The research team found that a higher intake of fermented soy (natto and miso) was associated with a significantly lower (10%) risk of all-cause mortality, but total soy product intake was not associated with all-cause mortality.

Men and women who ate natto also had a lower risk of cardiovascular mortality than those who did not eat natto, but there was no association between soy intake and cancer-related mortality.

These results persisted even after further adjusting for intake of vegetables, which was higher among those consuming larger portions of natto.

The authors point out that fermented soy products are richer in fibre, potassium and bioactive components than their non-fermented counterparts, which may help to explain their associations.
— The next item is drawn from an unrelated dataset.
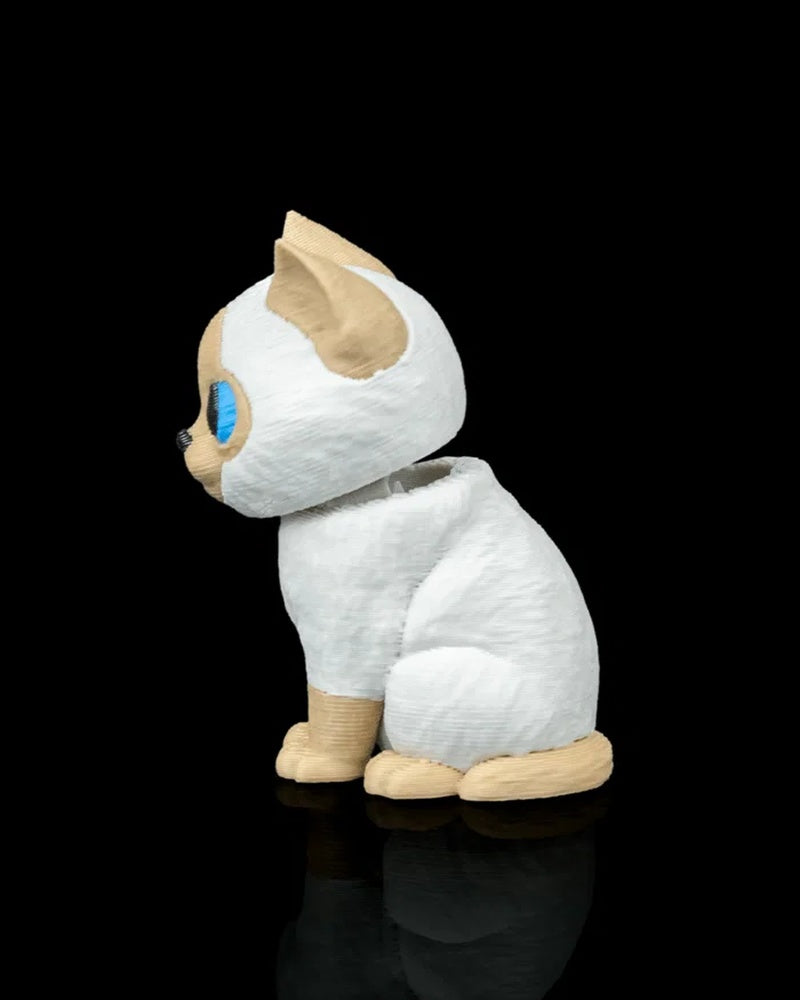 Side view of a cream and white Siamese cat figure with blue eye and tan ear on a black background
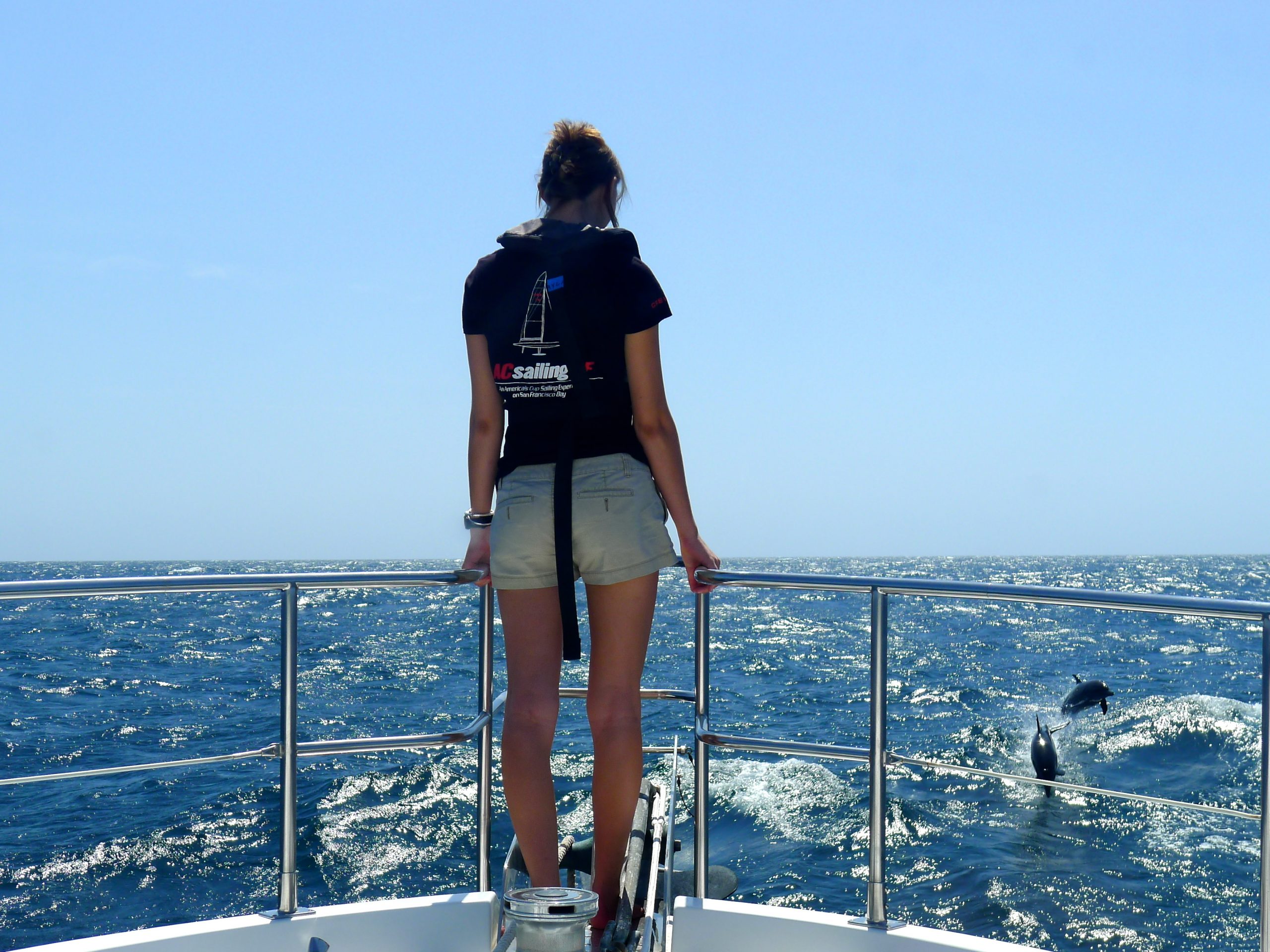 Ayla stands on a boat's deck with her back to the camera, looking out towards the ocean. The sun shines brightly in the sky, casting a warm glow on the woman and the surroundings. In the background, the ocean sparkles and two dolphins can be seen leaping in and out of the water. The woman is wearing shorts and appears relaxed and content as she enjoys the beautiful scene.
However, this is an observational study, so can’t establish cause, and the researchers cannot rule out the possibility that some of the observed risk may be due to other unmeasured factors.

They conclude: "In this large prospective study conducted in Japan with a high rate of soy consumption, no significant association was found between intake of total soy products and all-cause mortality. In contrast, a higher intake of fermented soy products (natto and miso) was associated with a lower risk of mortality."

Increasing evidence has suggested that fermented soy products are associated with health benefits, write researchers in a linked editorial. Whether people eat those products depends on their food culture, they say, but some countries already include soy and fermented soy products in their dietary guidelines.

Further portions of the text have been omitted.